November 09, 2024
Archive

More parents at home in school Mainers choose to teach their own

BANGOR – Seventeen years ago when she began educating her sons at home, Linda Williams was a pioneer. Now, she’s just part of the crowd.

“If we went out during the day, people used to ask me why the children weren’t in school. Now it’s much more accepted. Lots more people are doing it,” the Bangor mother of four boys said recently.

Williams never expected to find herself at the vanguard of a national movement.

“We were just doing what we wanted to do and felt like we needed to do,” she said. “We had no idea where it was going.”

In fact, the number of home- schooled children statewide has risen by 200 to 300 each year since 1994, according to the Maine Department of Education. Last year, more than 4,500 children were taught at home, a far cry from 20 years ago when there were fewer than 10.

There’s so many children being home-schooled today that there’s even a local foundation providing them with scholarships. This year the Maine Children’s Scholarship Fund, a nonprofit educational organization in Bangor, began awarding $500 grants to people who home school their children. This year, seven awards were made out of 16 applications.

Parents typically are drawn to home schooling for philosophical or religious beliefs, or because they like the idea of providing an individualized or enriched program, said Edwin Kastuck of the state Education Department.

In a few cases, parents are taking children on extended trips or trying to keep some semblance of school going for kids who are ill, he said.

Williams and her husband, Ken, wanted their sons to be able to learn at their own pace, and to have the freedom to develop individual talents and abilities.

Linda Williams also was adamant that her sons not be subjected to the latest theories about learning.

“The educational system is trendy, and I didn’t want to be part of a group that’s being pushed this way and that,” she said. “I didn’t want my children to be part of an experiment.”

Deciding whether to home school may be the hardest part of the process. Once the decision has been made, parents are asked by the state to complete a simple four-page application indicating the kind of support system they intend to use. For example, they are required to consult with a teacher or another home-schooling parent.

Choice of curriculum and texts is up to them, and many are available for home schooling.

They have to agree to teach for an adequate amount of time each day, and to hold school for at least 175 days, the minimum number required by law.

Parents also consent to an annual assessment for their children, either by a certified teacher who reviews their work, or through a standardized achievement test.

That yearly review process received some attention a year ago after Sen. Peter Mills, R-Skowhegan, proposed a bill requiring home-schooled children to take the Maine Educational Assessment in grades 4, 8 and 11, just like children in public schools.

The proposal was shot down after hundreds of home-schooling families converged at the State House to protest. In the meantime, Mills discovered that many parents hadn’t been sending in their children’s annual assessments.

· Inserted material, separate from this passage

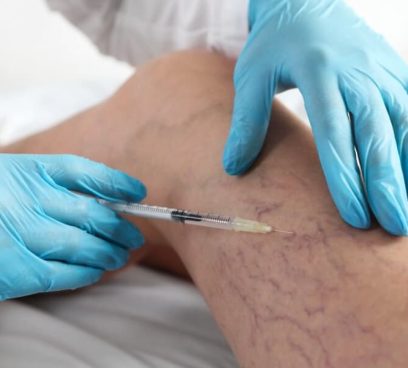 Sclerotherapy-treatment-cost اسکلروتراپی درمان غیرجراجی واریس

In the end, the Education Committee asked the department to follow up on the delinquent parents “to see if we could get a handle on how many kids have dropped through the cracks,” Mills recalled this week. “We know there are genuine truants in that population, and we don’t know where they are or who they are or how many there are.

“The problem is there’s no distinction between the superparents who have the time and devotion to stay home and educate their own children and those who have simply allowed the kids to drop out,” he said.

But Trina Millett of Hermon, co-chairwoman of the Bangor Area Home School Support Group, says that’s a different issue entirely.

“You’re not talking about home schooling by parents who care about their children’s education, but about people who aren’t doing a good job parenting,” she said.

Last year, the parents of 671 home-schooled students, out of 4,500, failed to return proof that they had conducted assessments in the 1999-2000 school year, said Kastuck. He notified them that they were required to by law.

This year, only 16 families representing 26 children have failed to submit assessments, and Kastuck says their home-schooling applications will be denied if they don’t get them in. Kastuck said he has never turned down an application since be took his job in 1993.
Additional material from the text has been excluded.